The SHIP Dispatcher reads a flat config list (`SHIP_EVENTS`) and classifies telemetry events
into subsystems and SHIP transition types (`error_activation` / `error_recovery`).
The CaseGenerator then builds time-windowed process mining cases around those events.

## Step 1: Imports and Data Loading

In [None]:
import os
import sys
import warnings

import pandas as pd
import pm4py
import matplotlib.pyplot as plt
from IPython.display import display, Image

from examples.example_5.ship_config import SHIP_EVENTS
from examples.example_5.ship_dispatcher import dispatch_ship_events
from examples.example_4.case_generator import CaseGenerator
from examples.example_4.variant_visualization import visualize_chevron_variants

In [None]:
# Reuse the parsed telemetry from example_4 — no need to re-parse the raw AIM CSV.
DATA_PATH = "../example_4/data/processed/FSAE_Endurance_Full_parsed.csv"

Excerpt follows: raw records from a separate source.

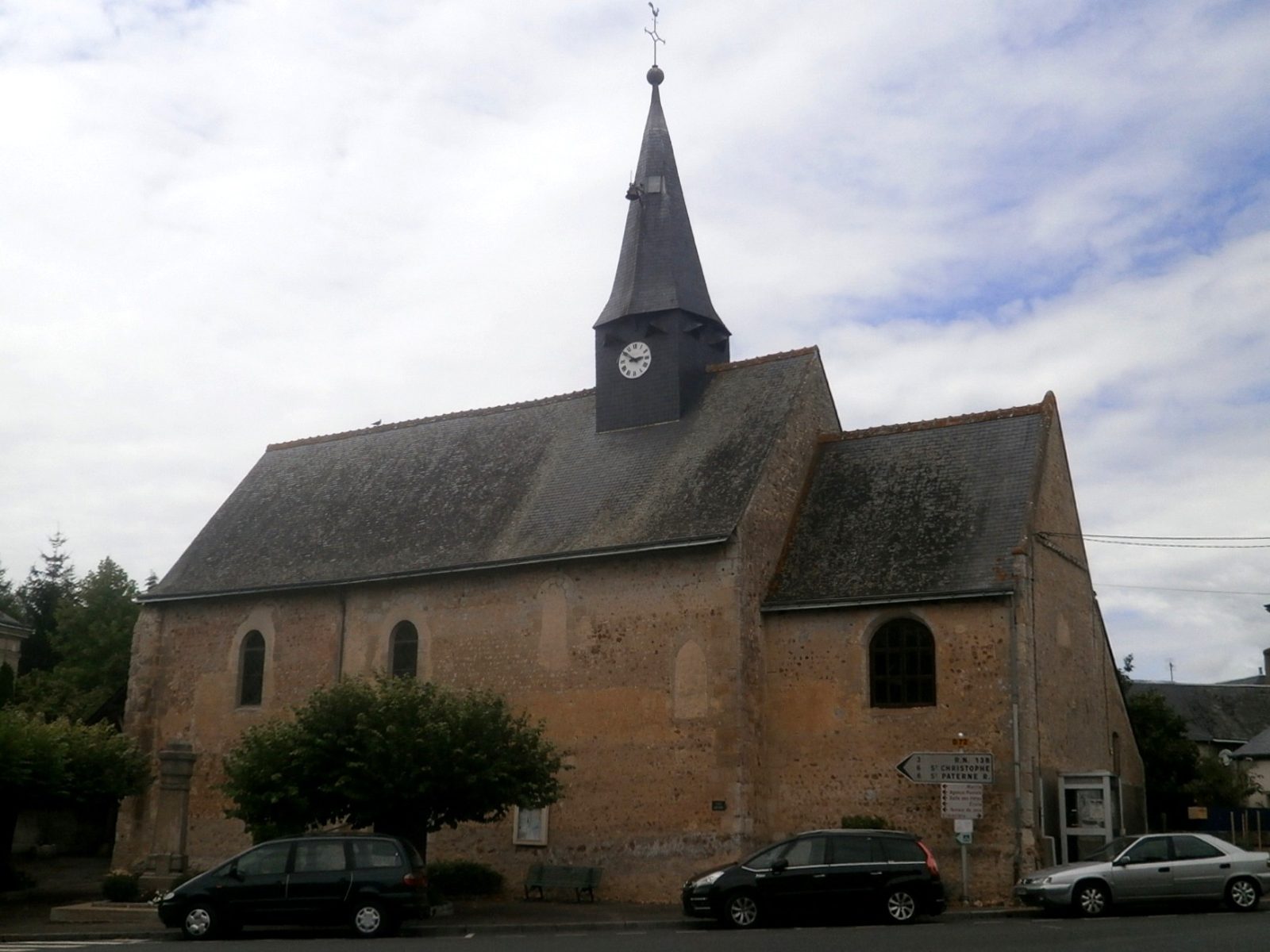 Photo de Villebourg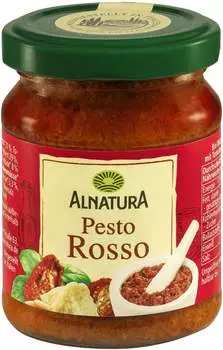 Alnatura Pesto Rosso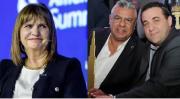 Bullrich denunció a Tapia y Toviggino ante la CONMEBOL por presuntas irregularidades en la AFA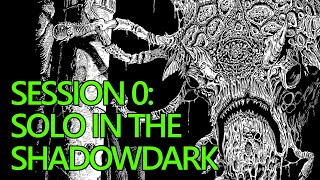 Celebrity Shadowdark Solo Play Session 0 Net Worth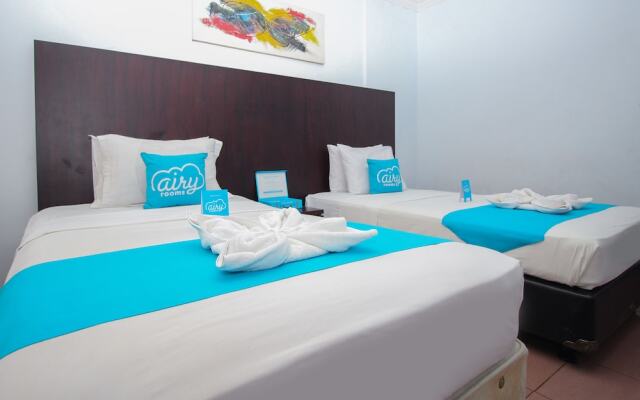 艾里巴厘生态沙努尔伍拉赖小径 23 号酒店(Airy Eco Sanur Bypass Ngurah Rai 23 Bali)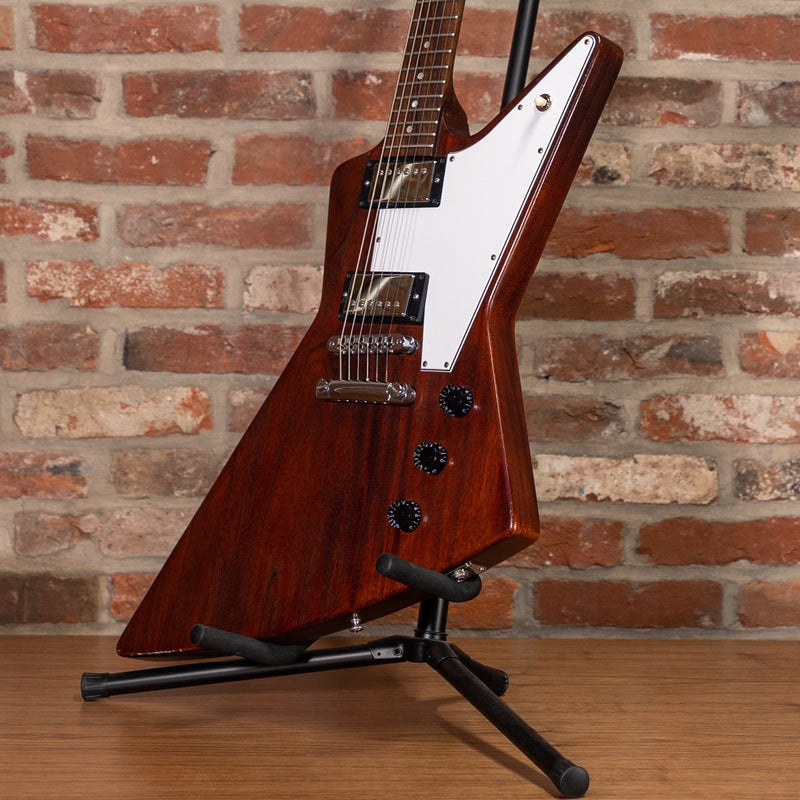 Gibson 2008 Explorer, Worn Brown - Used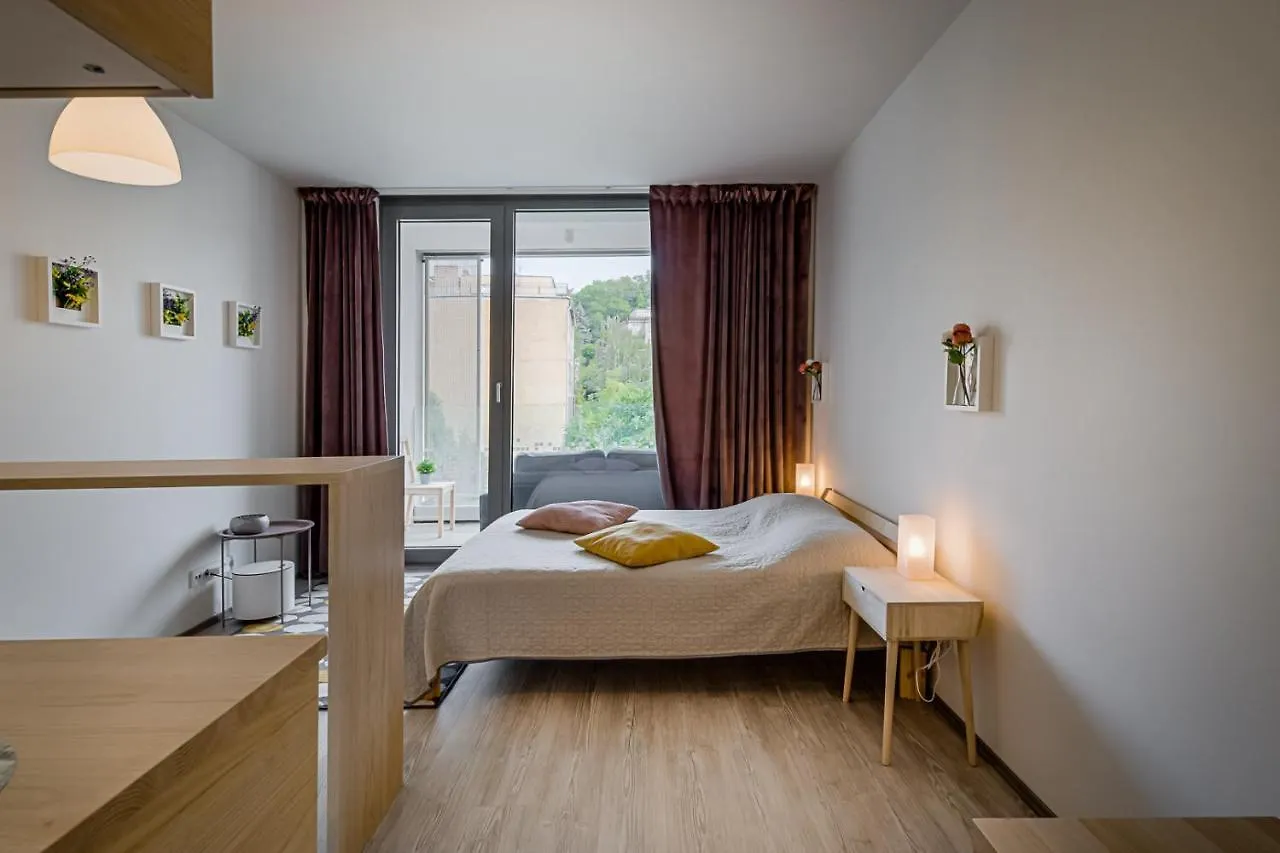 Homy Apartments Prague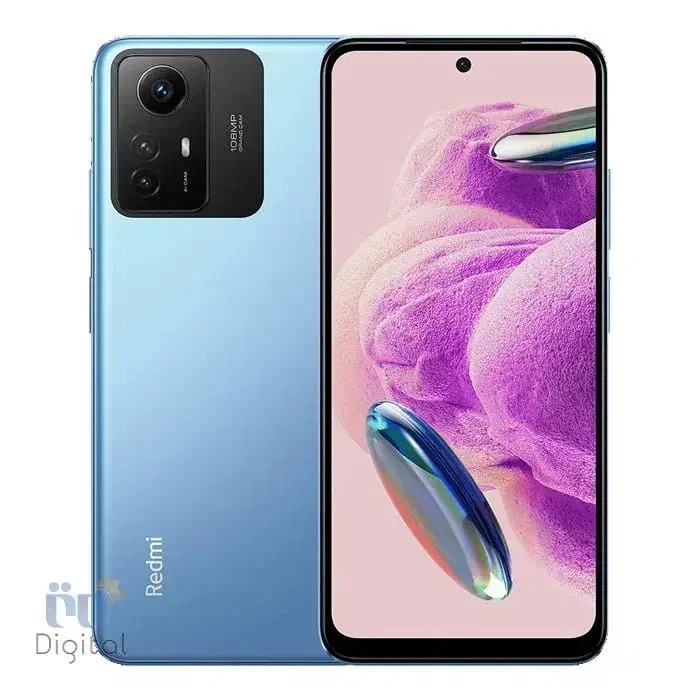 نوت 12s|موبایل|زاهدان, |دیوار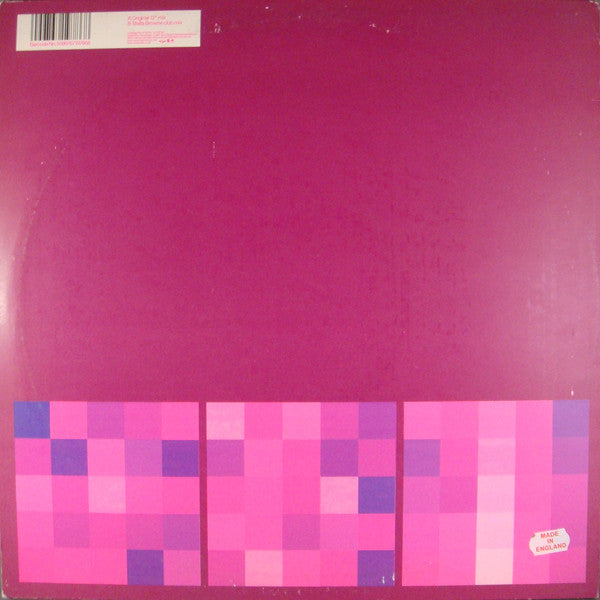 Aczess : Do What We Would (12")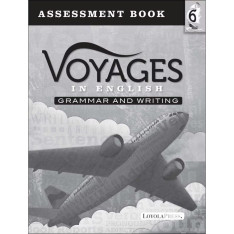 Voyages in English: Grade 6: Assessment Book 25pk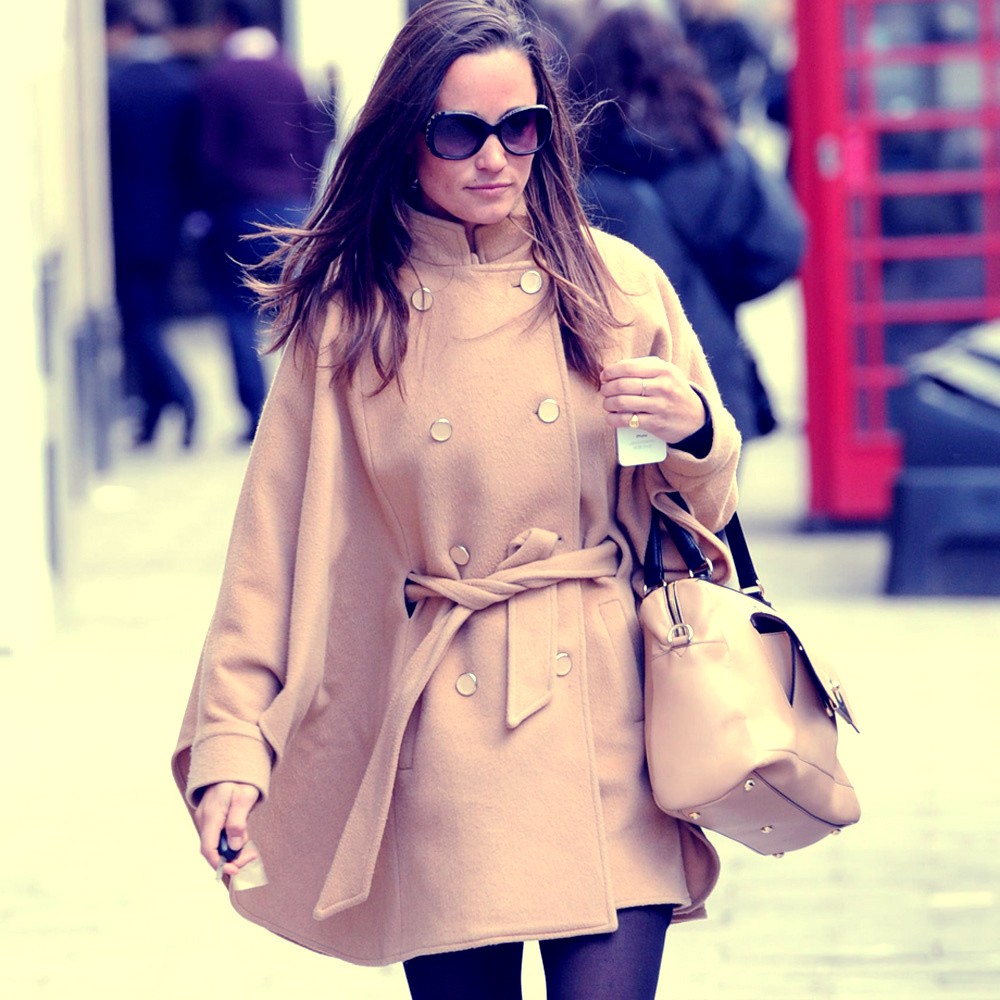 Pippa Middleton style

df = pd.read_csv(DATA_PATH)
df["time.absolute"] = pd.to_datetime(df["time.absolute"])

print(f"Loaded {len(df):,} rows x {df.shape[1]} columns")
print(f"Session: {df['time.absolute'].min()} → {df['time.absolute'].max()}")
print(f"Duration: {(df['time.absolute'].max() - df['time.absolute'].min()).total_seconds():.1f} s")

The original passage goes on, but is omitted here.